* **WHAT IS EXPECTED**:
Starting at the line below holding "Pisaki pędzelkowe Pentel" and stopping at the line holding "Snoopy Pink Nike", print every line exactly, both ends included, and leave the rest out.

* **DATA FOR THIS TASK**:
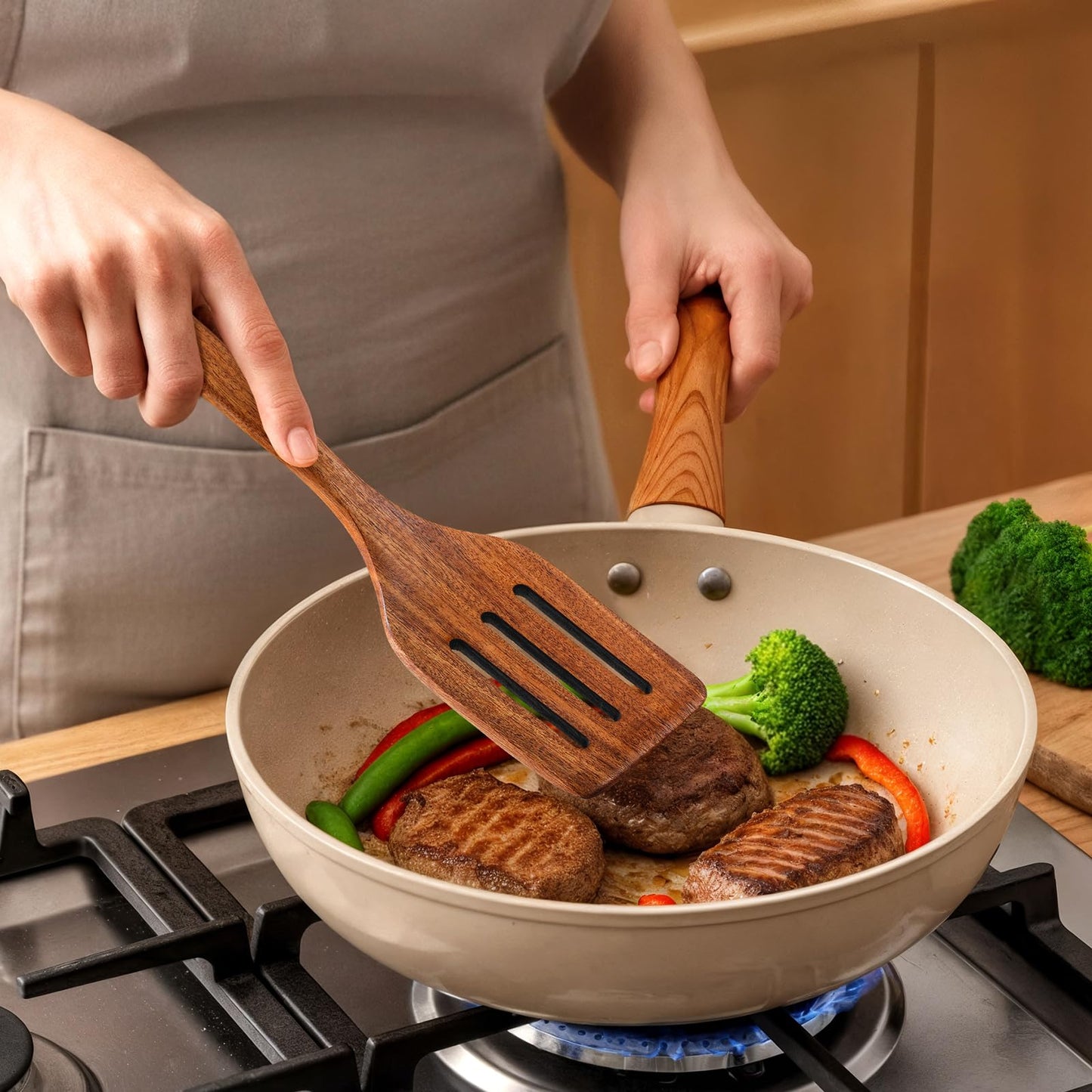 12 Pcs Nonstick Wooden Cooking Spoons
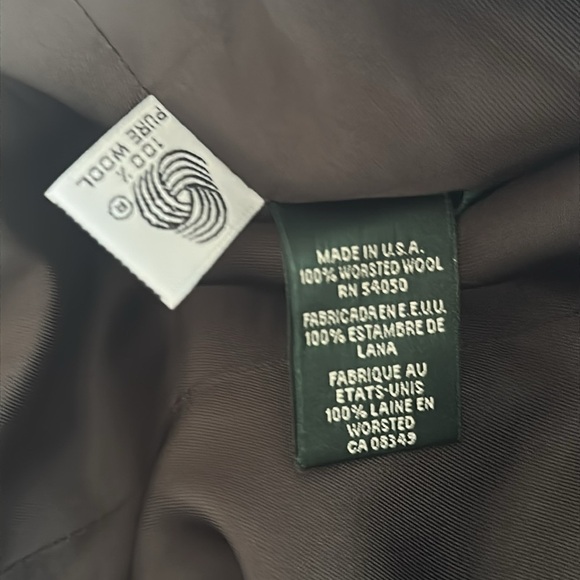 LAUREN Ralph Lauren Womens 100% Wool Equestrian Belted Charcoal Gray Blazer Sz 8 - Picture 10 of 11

* * *

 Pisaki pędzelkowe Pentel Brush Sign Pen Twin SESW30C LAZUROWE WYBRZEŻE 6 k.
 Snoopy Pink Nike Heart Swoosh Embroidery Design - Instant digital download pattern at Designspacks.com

* **RESULT**:
 Pisaki pędzelkowe Pentel Brush Sign Pen Twin SESW30C LAZUROWE WYBRZEŻE 6 k.
 Snoopy Pink Nike Heart Swoosh Embroidery Design - Instant digital download pattern at Designspacks.com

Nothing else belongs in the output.